To further explore the generalizability of the impact of e-ASPECTS, subgroup analyses were undertaken to investigate the performance of e-ASPECTS in deep vs. cortical regions in patients with high vs. low ASPECTS. The use of e-ASPECTS improved reader performance in both the deep (lentiform, caudate, and internal capsule) and cortical (insula and M1–M6) regions (Supplementary Table S4).

Furthermore, the benefit of e-ASPECTS was shown to be consistent across subgroups with low ASPECTS (≤ 6; N = 12) and high ASPECTS (>6; N = 42; see Supplementary Table S5).

Discussion

This study demonstrates the ability of an FDA-cleared artificial intelligence (AI) decision support tool (e-ASPECTS) to improve the performance of US physicians when deriving the ASPECTS. Consistent improvement was seen in both neurology and neuroradiology-qualified doctors.

Although there are a significant number of published studies describing the standalone performance of the AI software compared to a reference ground truth (9, 12, 13, 2123), there is less data regarding the impact of the AI software on physician performance.
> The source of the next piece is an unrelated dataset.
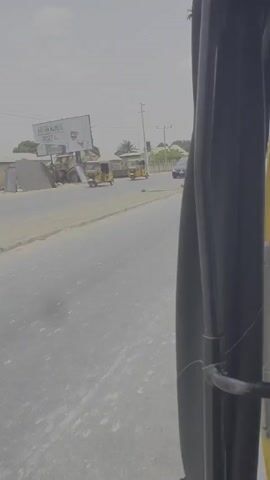 The video shows a view from inside a yellow auto-rickshaw, commonly known as a "keke," traveling on a paved road.  The windshield wiper is not moving. Another yellow keke is ahead. The seat in front of the camera is dark purple and patched with tape.  A person wearing a gray shirt and lime green vest is driving.  The surrounding environment includes electric poles, buildings, trees, and a billboard, visible under a bright, overcast sky.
Previous studies that have examined this impact on reader ASPECTS scoring performance have used a reference standard defined by independent imaging modalities (17), non-US physicians (24), or physicians who are less specialized and for whom it is easier to show an impact (25).

Brinjikji et al. (17) reported a reader study with 60 cases and 16 readers in which the ground truth was established using the consensus view of two readers using follow-up (24 h) CT or MRI ASPECTS. A potential criticism of this approach is that the ischemic area may change between baseline and follow-up imaging. The study showed an intraclass correlation coefficient of 0.395 for unassisted readers (without e-ASPECTS) and 0.574 for assisted readers (with e-ASPECTS); this improvement was statistically significant.

Scavasine et al. (24) previously reported a reader study with 116 cases and four Brazilian readers (two neuroradiologists and two emergency physicians). This study also used follow-up imaging along with clinical information to ascertain the ground truth. The results showed that the performance of the emergency physicians improved with the use of e-ASPECTS and neared that of neuroradiologists.

Delio et al. (25) reported a reader study using a similar software device. The study used 50 cases and 8 readers (2 neuroradiologists and 6 non-neuroradiologists), with the ground truth established by the consensus of three expert neuroradiologists with access to acute and follow-up imaging. The results showed that the percentage agreement between readers and ground truth improved from 72.4% (unassisted) to 77.9% (assisted) on average for the non-neuroradiologists; however, there was no change for the expert neuroradiologists.

In contrast to previous studies, this study used a consensus of neuroradiologists with access to clinical and follow-up data to define the ground truth, and the positive impact of e-ASPECTS was demonstrated for both neurologists and expert neuroradiologists. To the best of our knowledge, this is the first time a benefit has been shown to neuroradiologists using a consensus ground truth.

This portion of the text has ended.